Jay Parkhill July 17th, 2008

This post may get a bit wonky.  I’ll do my best to keep it straightforward.

I have talked to a lot of people in my career who get confused by the value of shares of stock in a startup company.  A venture-oriented company has two or more different kinds of shares with different values attached.  Here’s how to keep them separate.

Pre-Money, Post-Money and Per-Share Value
When a company does a financing, it sets a value for the entire company- the “pre money” valuation before the new money comes in.  Let’s say the value is $10M.  If the company has 5M shares outstanding, this means that each share is worth $10M/5M = $2.00.  This is the price investors will pay to buy stock in the company.

If the investors are putting in $5M, they are buying $5M/$2 = 2,500,000 shares.  The company now has 7.5M shares outstanding, and the total “post-money” valuation is $15M.  We can see by the numbers that on a per-share basis (2.5M/7.5M) and a dollar-value basis ($5M/$15M) that the investors now own 1/3 of the company.

Common Stock vs. Preferred Stock Pricing
The part that gets tricky is that investors buy preferred stock, but the company also has common stock that it will issue to employees.  Preferred stock has superior rights, especially including a right to get paid first when the company is sold.  By convention and IRS rules, we are allowed to say that the preferred stock is worth more today than the common stock.  Thus, when we sell preferred stock to investors at $2.00/share, we can give options to employees to buy common stock at a much lower price- $0.30 or so.

This works well for the most part.  Investors want certain rights that employees don’t care about and pay extra for them.  Employees would rather get low-priced options than the preferred rights.  Everybody is happy.
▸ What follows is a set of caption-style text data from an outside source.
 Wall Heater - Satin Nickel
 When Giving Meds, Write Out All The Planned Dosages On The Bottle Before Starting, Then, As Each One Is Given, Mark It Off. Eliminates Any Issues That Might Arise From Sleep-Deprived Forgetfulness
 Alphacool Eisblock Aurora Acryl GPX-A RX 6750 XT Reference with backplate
But I Thought Each Share Was Worth $2.00?
The place people get tied up is comparing the enterprise valuation with the common/preferred stock differential. We valued the entire company at $10M, which meant that each share was worth $2.  At the same time, we say that common stock is not worth $2 and is only worth $0.30.  Which is true?  Both.  Here is how and when to use each number.
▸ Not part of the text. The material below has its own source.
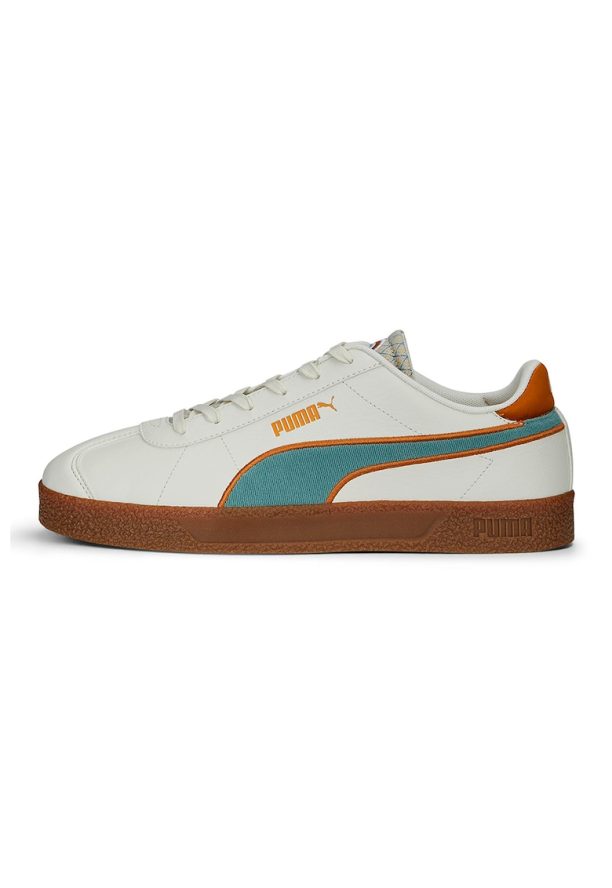 Спортни обувки Club Retro от еко кожа с текстил Puma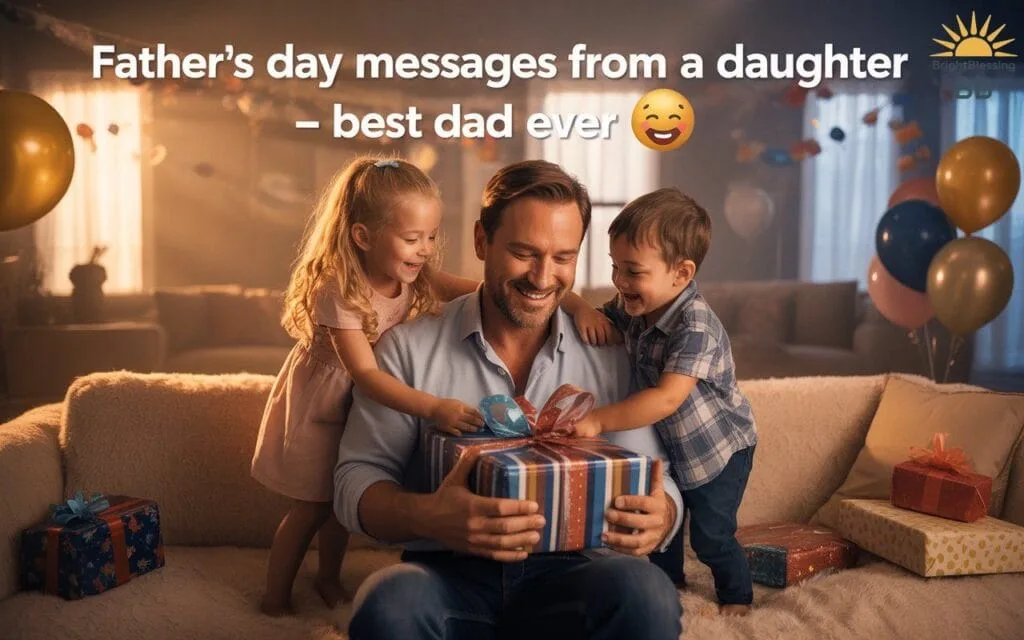 Father's Day Messages from a Daughter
Enterprise Valuation is for the Big Picture and Financings Only
When we value the company for a financing, we put a value on the whole company as though it is about to be sold.  We take into account all of the economic preferences and assume that all stock is converted to common.  Every share is the same at that point.  In other words, if the pre-money valuation is $10M and the company has only common stock outstanding, each share is worth $2.  The valuation is really forward-looking to an eventual exit.

Common Stock Price is For Employees Today
Until that happens, though, we maintain different types of stock with different rights- common and preferred.  The preferred is sold based on the as-converted valuation, but the common has fewer rights and we can issue options at a lower price.  The company’s total valuation continues to be $10M and each share would be worth $2 on a sale of the company, but before that happens each share of common stock is actually worth $0.30.

The Simple Rule
The easiest way to think about this is that preferred stock is for investors and common stock is for employees.  Be aware that pricing is set differently for each.